Sydney Apartments are very expensive and hard to get. Its a very long application required to get an apartment. My sister and her husband apllyed for more than a dozen places before they got one. They pay $500 for a 2 bedroom place.


----------



## Lawrence

Granny flats can be one of the cheapest options. If you can find one in a suburb away from the city they can be very cheap.


----------



## mferguson11

I am also coming to Sydney on a working holiday visa. 

And flat sharing has got to be a major consideration, ideally with someone in a similar situation to me and there would be good!


----------



## jeremyh

*apartments in Sydney*

Well the Sydney is one of the most expensive cities in Australia. If you want to get a room on a rent here then you'll have to pay at least $450-700 depending upon the type of apartment you are looking to rent.


----------



## dannmauro

Are these estimates for weekly, biweekly, or monthly rentals?


----------



## Bear

I paid $350pw for a v nice place. My mate paid $100pw for a not v nice place. Depends what you're looking for.
Go to flatmatefinders.com or realestate.com etc to search.


----------



## dannmauro

are darlinghurst, surry hills etc. generally nicer suburbs? i want to live within walking distance of most things i was thinking about neutral bay but it's 5km away from cbd! too far!


----------



## Bear

I wouldn't say Darlinghurst was a nice area. Pyrmont & Glebe are walking distance & nice I think. Potts Point & Surrey Hills also.


----------



## AdamK

dannmauro said:


> Are these estimates for weekly, biweekly, or monthly rentals?

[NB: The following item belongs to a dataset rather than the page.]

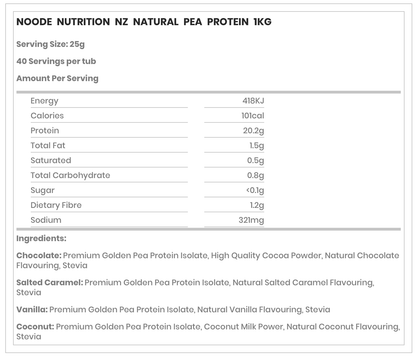 Vegan Natural Pea Protein - Supplements Direct®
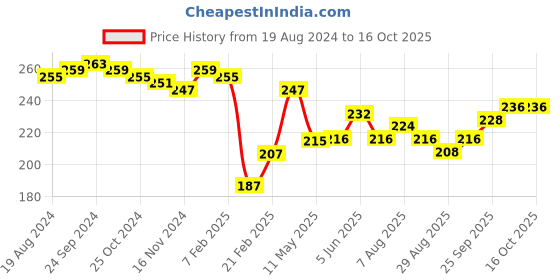 firstcry.com Cute Walk by Babyhug Disney Non Terry Anti-Bacterial Ankle Length Mickey Mouse Graphics Pack of 3- Multicolor cute walk by babyhug disney Price History Graph from 19 Aug 2024 to 15 Oct 2025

Unfortunately weekly rental prices.


----------



## CL Sin

Lawrence said:


> Pyrmont and Gleebe are very nice suburbs, they have some excellent cafes and restaurants, and are very close to the city. Unfortunately due to the fact of the close proximity to the city, they can also be very expensive. If you can find a cheap share house, then it would be a cool location.


Hey Lawerence,

How about buying a apartment at Caringbah or Miranda? Is it good?


----------